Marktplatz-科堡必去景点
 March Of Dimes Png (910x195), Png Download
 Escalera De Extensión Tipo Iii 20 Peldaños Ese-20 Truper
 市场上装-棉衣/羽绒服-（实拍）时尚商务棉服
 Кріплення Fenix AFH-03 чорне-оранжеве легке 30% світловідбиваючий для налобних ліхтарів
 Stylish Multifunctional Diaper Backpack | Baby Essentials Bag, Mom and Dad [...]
========================================
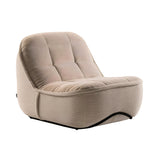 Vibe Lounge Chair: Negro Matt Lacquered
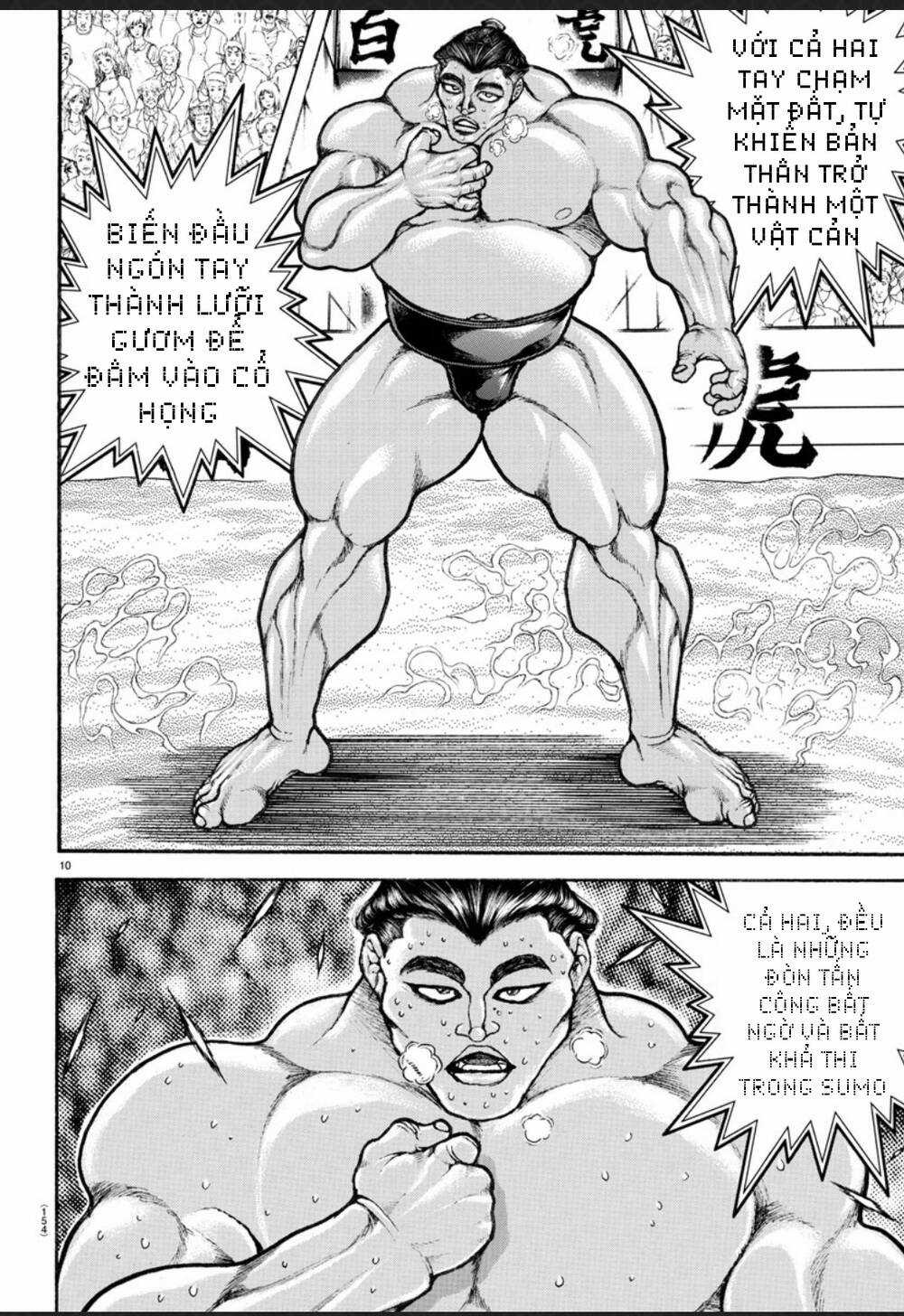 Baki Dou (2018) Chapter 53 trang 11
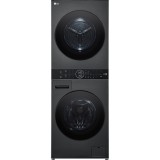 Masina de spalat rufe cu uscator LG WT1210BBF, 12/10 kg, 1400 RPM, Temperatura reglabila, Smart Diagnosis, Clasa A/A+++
========================================
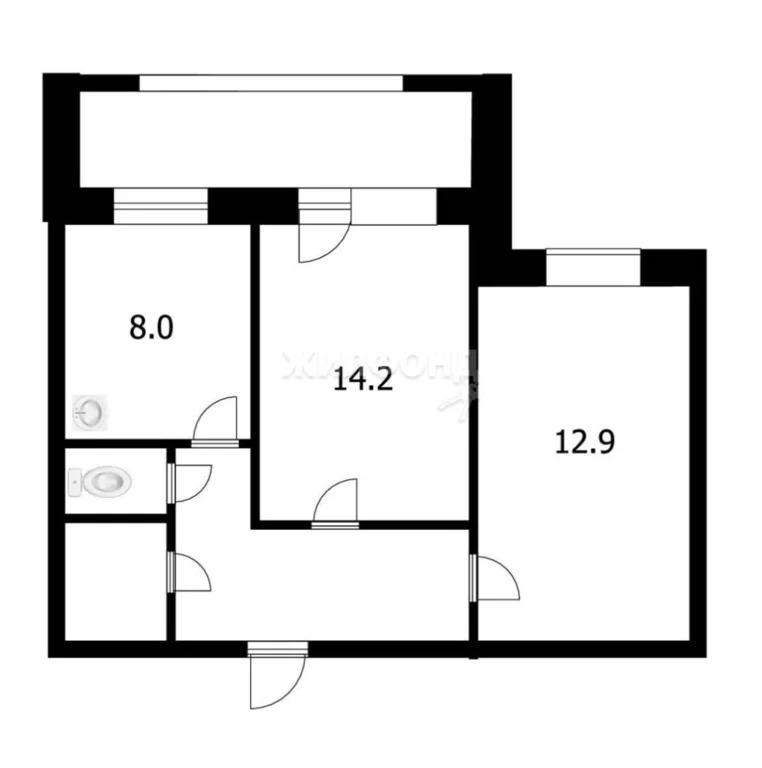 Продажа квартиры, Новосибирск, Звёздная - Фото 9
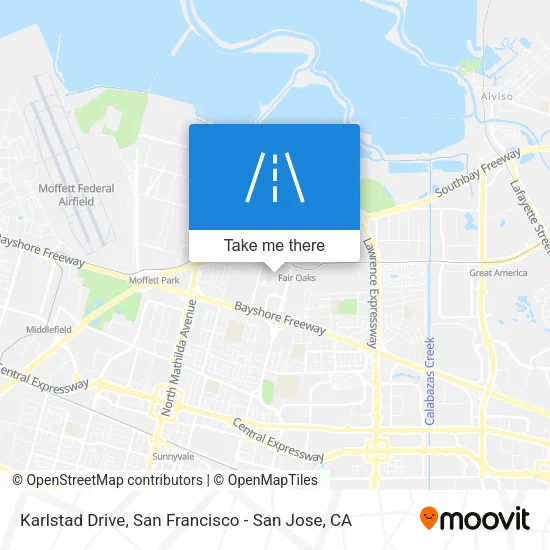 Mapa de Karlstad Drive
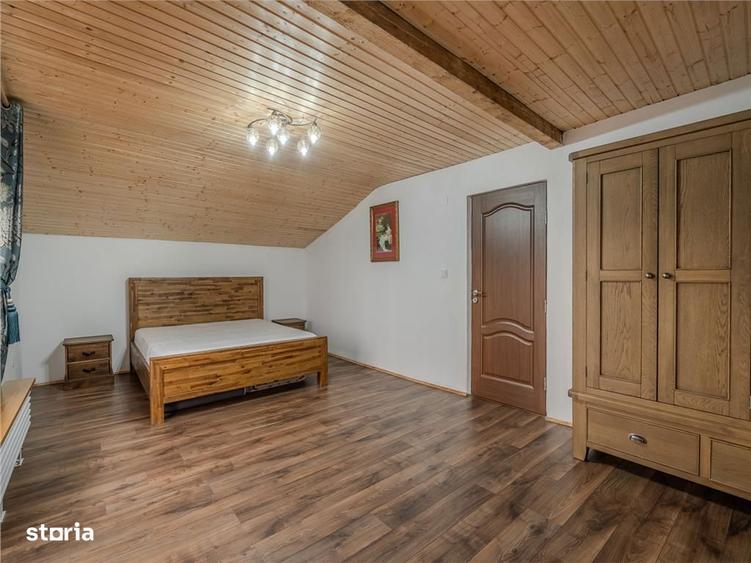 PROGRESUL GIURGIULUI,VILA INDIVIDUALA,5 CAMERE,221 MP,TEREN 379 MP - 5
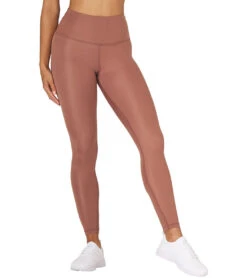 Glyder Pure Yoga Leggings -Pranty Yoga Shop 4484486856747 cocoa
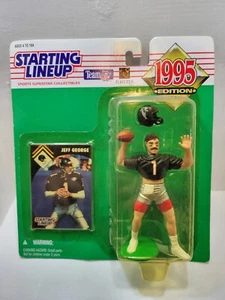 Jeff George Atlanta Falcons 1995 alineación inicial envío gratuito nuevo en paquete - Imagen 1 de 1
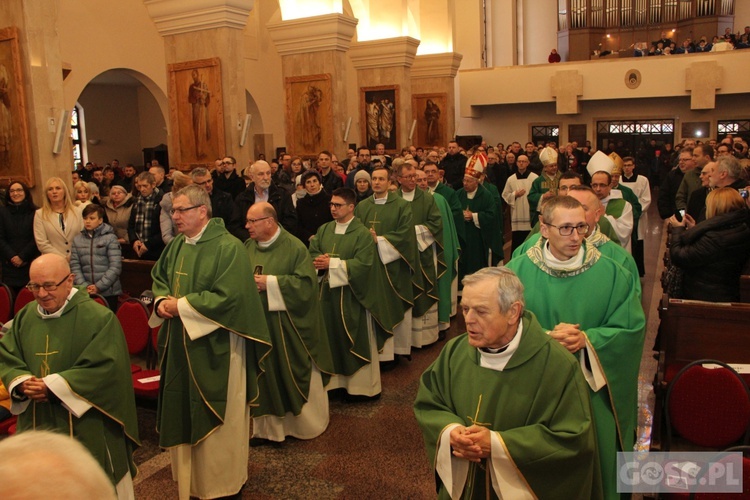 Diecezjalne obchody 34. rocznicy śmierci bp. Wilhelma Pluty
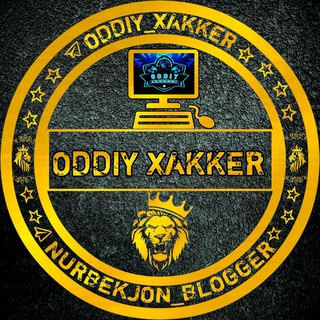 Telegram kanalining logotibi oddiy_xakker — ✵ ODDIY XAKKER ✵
========================================
### ABOUT THIS EXERCISE
Copy verbatim, from the listing above, each line from the one containing "Marktplatz-科堡必去景点" down to the one containing "Stylish Multifunctional Diaper", inclusive.

### RESPONSE
Marktplatz-科堡必去景点
 March Of Dimes Png (910x195), Png Download
 Escalera De Extensión Tipo Iii 20 Peldaños Ese-20 Truper
 市场上装-棉衣/羽绒服-（实拍）时尚商务棉服
 Кріплення Fenix AFH-03 чорне-оранжеве легке 30% світловідбиваючий для налобних ліхтарів
 Stylish Multifunctional Diaper Backpack | Baby Essentials Bag, Mom and Dad [...]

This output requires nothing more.